Configuring Oracle Linked Servers

Many organizations need to connect their SQL Server bases to Oracle databases. One of the best ways to do that is using SQL Server's linked servers. To connect a SQL Server linked server to Oracle, you first need to install the Oracle client software on your SQL Server system. Then you can create a linked server either by using Enterprise Manager or by executing T-SQL statements. I prefer using T-SQL because it documents the exact values that SQL Server uses in the creation of the linked server, so you can more easily create similar objects later by copying and changing your T-SQL linked-server creation script.

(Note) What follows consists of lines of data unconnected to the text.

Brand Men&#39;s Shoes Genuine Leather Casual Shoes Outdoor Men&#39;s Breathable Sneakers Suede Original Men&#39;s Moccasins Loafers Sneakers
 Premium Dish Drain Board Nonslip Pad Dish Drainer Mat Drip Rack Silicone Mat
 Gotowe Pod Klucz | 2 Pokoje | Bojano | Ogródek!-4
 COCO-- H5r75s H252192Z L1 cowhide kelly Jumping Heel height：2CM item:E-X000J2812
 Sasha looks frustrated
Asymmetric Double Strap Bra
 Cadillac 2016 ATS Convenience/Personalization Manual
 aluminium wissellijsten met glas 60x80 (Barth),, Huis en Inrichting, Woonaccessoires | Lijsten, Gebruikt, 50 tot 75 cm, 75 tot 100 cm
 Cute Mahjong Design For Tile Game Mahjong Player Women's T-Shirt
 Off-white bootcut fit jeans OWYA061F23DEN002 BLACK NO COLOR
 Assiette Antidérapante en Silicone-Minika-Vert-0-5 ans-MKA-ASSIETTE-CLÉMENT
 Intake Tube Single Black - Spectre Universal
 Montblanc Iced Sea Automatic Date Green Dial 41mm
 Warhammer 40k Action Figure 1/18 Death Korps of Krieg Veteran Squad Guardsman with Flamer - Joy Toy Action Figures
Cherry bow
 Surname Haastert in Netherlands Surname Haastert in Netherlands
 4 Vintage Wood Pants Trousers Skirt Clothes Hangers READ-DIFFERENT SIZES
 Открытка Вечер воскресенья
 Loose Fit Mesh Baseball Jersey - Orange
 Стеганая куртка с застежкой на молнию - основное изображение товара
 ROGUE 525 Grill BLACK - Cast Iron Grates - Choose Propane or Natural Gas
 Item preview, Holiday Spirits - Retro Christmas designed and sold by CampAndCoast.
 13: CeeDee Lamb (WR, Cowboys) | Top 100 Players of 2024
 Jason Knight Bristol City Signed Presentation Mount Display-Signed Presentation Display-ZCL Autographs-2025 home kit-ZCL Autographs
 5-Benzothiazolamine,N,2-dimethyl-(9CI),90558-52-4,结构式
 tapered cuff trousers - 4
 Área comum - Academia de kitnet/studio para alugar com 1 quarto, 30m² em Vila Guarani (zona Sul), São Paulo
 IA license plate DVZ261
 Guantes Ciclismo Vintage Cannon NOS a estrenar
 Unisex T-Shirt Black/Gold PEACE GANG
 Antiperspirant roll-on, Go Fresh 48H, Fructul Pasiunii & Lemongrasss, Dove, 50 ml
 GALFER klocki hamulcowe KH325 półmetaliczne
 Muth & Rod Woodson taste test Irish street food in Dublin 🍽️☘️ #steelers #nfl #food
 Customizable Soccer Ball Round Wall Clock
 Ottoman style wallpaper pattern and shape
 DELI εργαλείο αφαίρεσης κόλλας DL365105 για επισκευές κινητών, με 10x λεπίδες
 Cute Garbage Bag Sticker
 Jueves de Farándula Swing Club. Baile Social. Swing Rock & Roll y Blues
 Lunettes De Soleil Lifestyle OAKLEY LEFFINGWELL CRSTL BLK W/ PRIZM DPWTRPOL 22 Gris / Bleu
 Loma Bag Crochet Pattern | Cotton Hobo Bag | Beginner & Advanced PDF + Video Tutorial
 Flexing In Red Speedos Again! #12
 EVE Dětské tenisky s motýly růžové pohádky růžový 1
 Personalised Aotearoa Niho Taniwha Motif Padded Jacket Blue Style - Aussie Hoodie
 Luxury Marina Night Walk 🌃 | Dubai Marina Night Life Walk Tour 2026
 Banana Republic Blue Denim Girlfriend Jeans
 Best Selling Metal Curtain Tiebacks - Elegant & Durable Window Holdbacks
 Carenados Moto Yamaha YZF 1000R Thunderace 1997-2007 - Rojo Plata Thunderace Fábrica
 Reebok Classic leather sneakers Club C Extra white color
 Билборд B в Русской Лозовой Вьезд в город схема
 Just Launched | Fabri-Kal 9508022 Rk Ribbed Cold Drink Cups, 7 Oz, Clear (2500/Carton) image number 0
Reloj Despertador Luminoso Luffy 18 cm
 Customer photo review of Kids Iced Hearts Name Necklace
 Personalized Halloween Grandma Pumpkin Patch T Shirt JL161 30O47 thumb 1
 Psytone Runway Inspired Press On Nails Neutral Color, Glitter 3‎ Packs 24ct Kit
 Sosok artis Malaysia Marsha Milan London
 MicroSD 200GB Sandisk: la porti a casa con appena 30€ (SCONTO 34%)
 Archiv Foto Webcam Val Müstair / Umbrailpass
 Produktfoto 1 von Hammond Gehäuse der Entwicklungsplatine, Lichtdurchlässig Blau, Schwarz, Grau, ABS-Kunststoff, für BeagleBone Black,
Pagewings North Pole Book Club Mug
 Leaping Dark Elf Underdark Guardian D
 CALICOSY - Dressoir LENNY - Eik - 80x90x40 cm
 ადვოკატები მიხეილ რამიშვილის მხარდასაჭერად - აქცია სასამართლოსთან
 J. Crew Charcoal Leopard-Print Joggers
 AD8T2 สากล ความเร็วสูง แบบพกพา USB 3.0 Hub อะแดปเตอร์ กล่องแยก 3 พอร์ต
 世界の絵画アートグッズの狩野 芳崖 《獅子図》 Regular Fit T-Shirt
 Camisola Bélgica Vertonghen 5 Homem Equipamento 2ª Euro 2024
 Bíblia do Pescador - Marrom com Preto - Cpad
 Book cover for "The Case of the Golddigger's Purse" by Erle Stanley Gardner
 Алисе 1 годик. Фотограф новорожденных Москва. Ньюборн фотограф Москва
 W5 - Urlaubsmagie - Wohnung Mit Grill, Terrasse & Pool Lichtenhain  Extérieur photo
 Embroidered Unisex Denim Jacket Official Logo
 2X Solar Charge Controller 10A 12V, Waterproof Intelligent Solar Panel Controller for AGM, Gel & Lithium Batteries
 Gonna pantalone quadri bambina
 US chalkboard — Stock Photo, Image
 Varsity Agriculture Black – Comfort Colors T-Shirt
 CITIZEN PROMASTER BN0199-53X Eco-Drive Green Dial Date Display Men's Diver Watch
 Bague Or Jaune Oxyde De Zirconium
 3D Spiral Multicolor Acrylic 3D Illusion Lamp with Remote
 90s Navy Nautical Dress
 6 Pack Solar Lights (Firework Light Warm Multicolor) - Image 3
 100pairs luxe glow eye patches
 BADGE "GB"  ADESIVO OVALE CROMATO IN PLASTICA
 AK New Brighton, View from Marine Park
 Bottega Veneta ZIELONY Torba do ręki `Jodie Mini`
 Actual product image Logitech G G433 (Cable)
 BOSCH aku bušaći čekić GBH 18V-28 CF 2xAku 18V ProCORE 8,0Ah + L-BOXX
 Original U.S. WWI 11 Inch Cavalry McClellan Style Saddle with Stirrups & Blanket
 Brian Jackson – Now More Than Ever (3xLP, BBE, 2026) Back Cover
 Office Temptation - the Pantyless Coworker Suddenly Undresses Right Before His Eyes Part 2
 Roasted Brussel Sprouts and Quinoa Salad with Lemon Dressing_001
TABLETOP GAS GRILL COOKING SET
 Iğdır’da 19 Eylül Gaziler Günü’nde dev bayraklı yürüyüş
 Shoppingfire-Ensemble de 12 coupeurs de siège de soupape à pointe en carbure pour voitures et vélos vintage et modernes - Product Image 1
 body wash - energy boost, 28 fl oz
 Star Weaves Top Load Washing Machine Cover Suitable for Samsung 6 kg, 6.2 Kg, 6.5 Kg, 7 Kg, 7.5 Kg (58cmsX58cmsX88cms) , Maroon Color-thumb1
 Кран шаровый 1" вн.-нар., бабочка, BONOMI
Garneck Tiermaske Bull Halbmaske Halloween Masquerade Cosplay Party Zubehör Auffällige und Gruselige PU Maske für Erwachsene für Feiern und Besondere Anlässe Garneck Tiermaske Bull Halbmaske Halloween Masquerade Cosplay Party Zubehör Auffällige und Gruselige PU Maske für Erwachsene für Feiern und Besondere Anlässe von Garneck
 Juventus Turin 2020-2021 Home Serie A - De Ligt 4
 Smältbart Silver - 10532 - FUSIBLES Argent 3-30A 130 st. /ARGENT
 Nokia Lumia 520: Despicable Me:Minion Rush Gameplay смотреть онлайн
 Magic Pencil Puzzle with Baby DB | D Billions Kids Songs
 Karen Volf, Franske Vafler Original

The following code is an example of creating a linked server to the Oracle tecao system that I defined by using the Oracle Net Configuration Assistant:EXEC sp_addlinkedserver 'TecaOracle', 'Oracle', 'MSDAORA', 'tecao'This example code tells SQL Server to refer to the linked server as TecaOracle. The second parameter is the OLE DB product name; you can leave this value as NULL or change it to any other value. In this instance, I used the word Oracle to describe the linked server. The third parameter specifies the OLE DB provider that the linked server will use. MSDAORA is the name of the Microsoft OLE DB Provider for Oracle. This provider installs by default with SQL Server 2000. The final required parameter of the sp_addlinkedserver stored procedure is the Oracle Net Service name. I created this example's Net Service Name tecao earlier with the Oracle Net Configuration Assistant.

Don't Use Printed Reports as Database Templates

One of the most common errors novice data modelers make is to use a printed report as a template for a table by transferring the fields from a printed report into a table or entity. Perhaps the most obvious example is the invoice—a printed report that you send to customers after you've sold them a service or product. I've seen entities and tables named Invoice that contain many different arrangements of attributes that really belong in three different tables: Sale, Product, and SaleItem.

A printed report is both a business requirement for and one outcome of your database design. To produce a report, operationally you need to store the attributes that compose the report in the database. But a printed report is rarely a template for a table layout.